Es kommt immer darauf an, woher der Druck kommt. Der FC Luzern ist der Super-League-Klub, der mit Abstand am meisten auf die eigene Jugend setzt. Auch weil mit Laurent Prince der ehemalige Nachwuchschef im Verwaltungsrat sitzt. Der bringt das Thema Nachwuchs immer wieder auf den Tisch und ist ein glaubwürdiger Vertreter. Das ist aus meiner Sicht der richtige Weg.

Letzte Saison hat der FCL das Ziel, die Meisterrunde zu erreichen, aber verpasst.

Trainer Mario Frick durfte dennoch bleiben. Weil man sieht, wie gut er mit den Jungen arbeiten kann. Er kriegt die Zeit, um etwas aufzubauen.
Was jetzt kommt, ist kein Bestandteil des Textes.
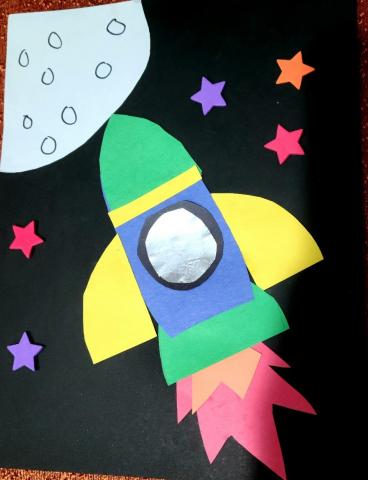 Love You to the Moon Craft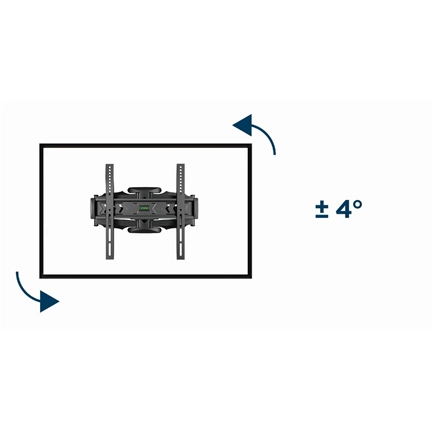 GEMBIRD Premium full-motion TV wall mount, 32"-58"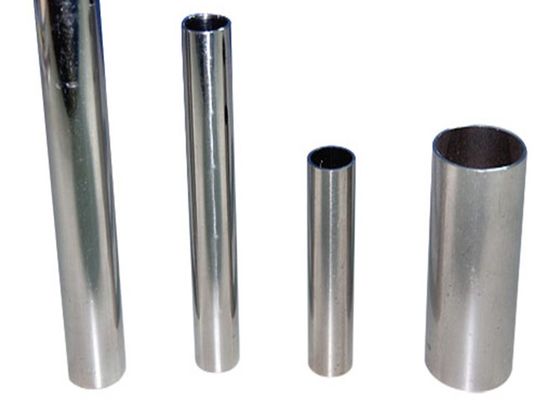 El tubo hueco de acero inoxidable de SUS304L SS 301 agota el tubo 20M M 25M M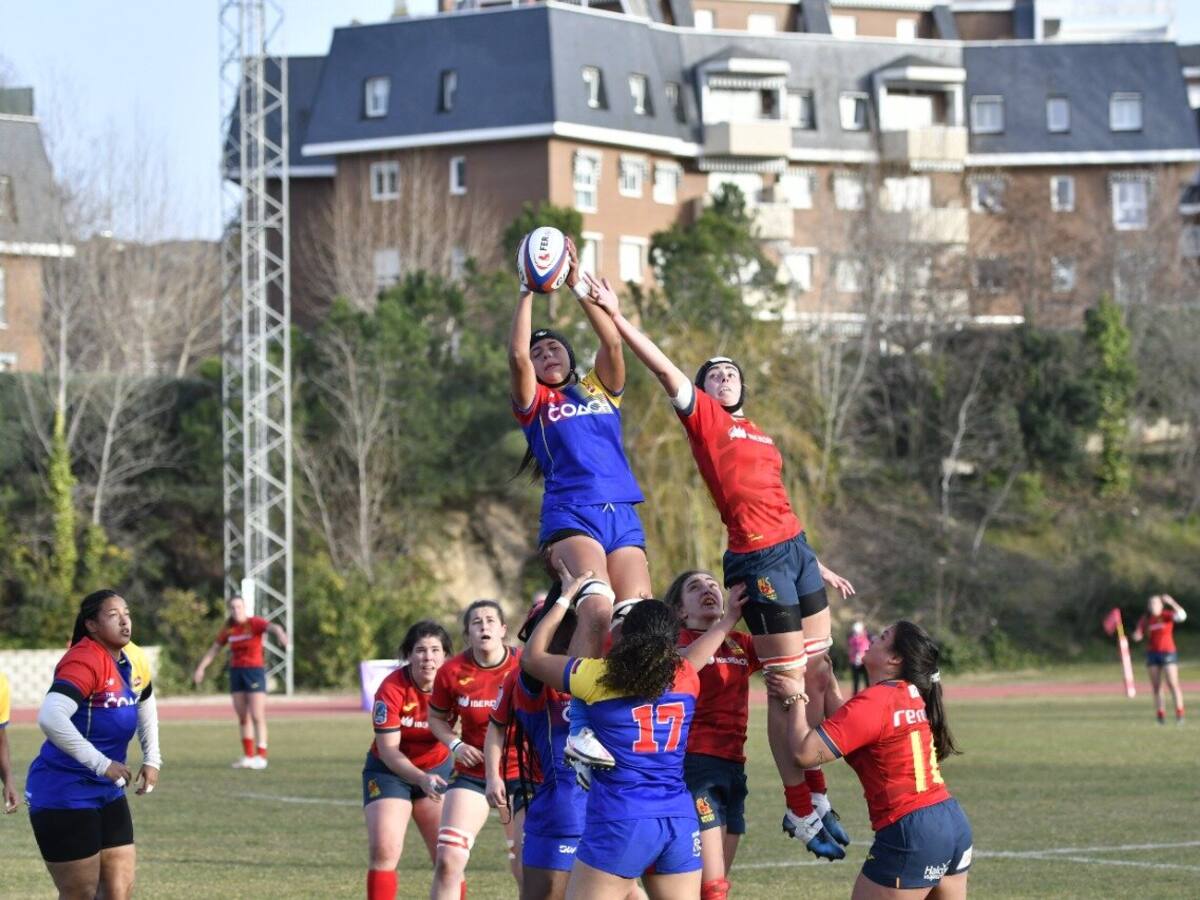 Las Tucanes cayeron frente a las Leonas de España en amistoso de preparación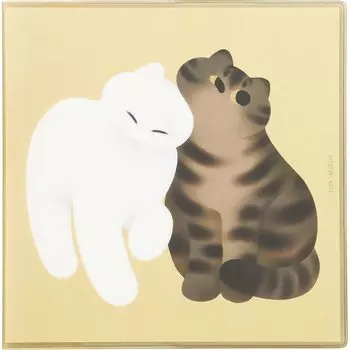 Kingjim Note Hitoki Note Square Size Nakayoshi HN-S09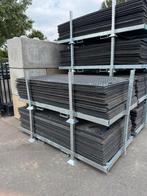 Verhuur rijplaten 2,4x1,2m, Doe-het-zelf en Verbouw, Platen en Panelen, Ophalen of Verzenden, Nieuw, Overige materialen, Minder dan 20 mm
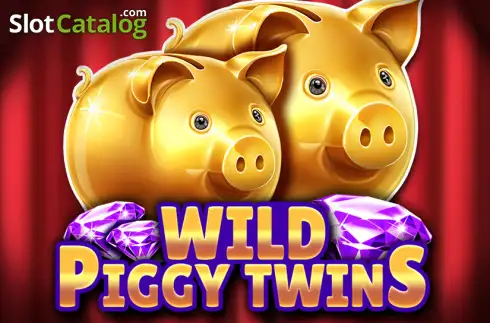 Wild Piggy Twins Λογότυπο Wild Piggy Twins Λογότυπο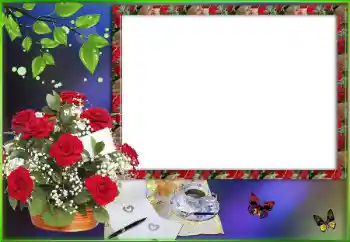 Photo effect from category Women's photo frames № 179300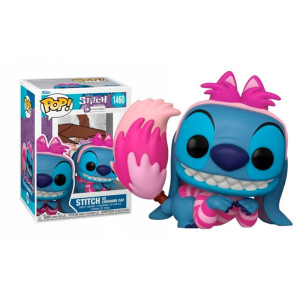 Funko pop disney stitch disfraz alicia en el pais de las maravillas cheshire 75163 D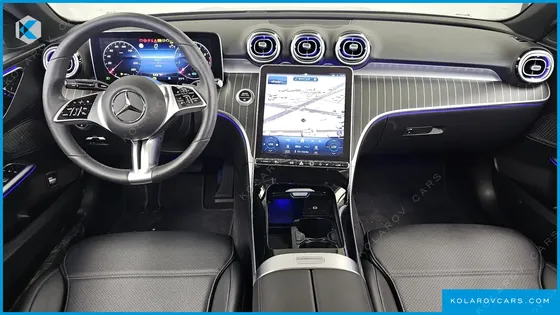 MERCEDES C-CLASS C200 4MATIC AVANTGARDE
Jetzt ist Luzern hervorragend in die neue Saison gestartet. Und bezüglich Trainer müssen wir uns auch immer wieder die gleiche Frage stellen.

Bitte?

Wo sind die Trainertalente und -persönlichkeiten in den Vereinen, deren Stimme für den Nachwuchs Gewicht hat und die sich später einmal international beweisen? Urs Fischer oder Gerardo Seoane waren in den Nachwuchsabteilungen wichtige Förderer ihrer Talente und hatten eine gewichtige Stimme im Verein. Diese Qualität brauchen wir jeden Tag auf dem Platz mit den besten Talenten.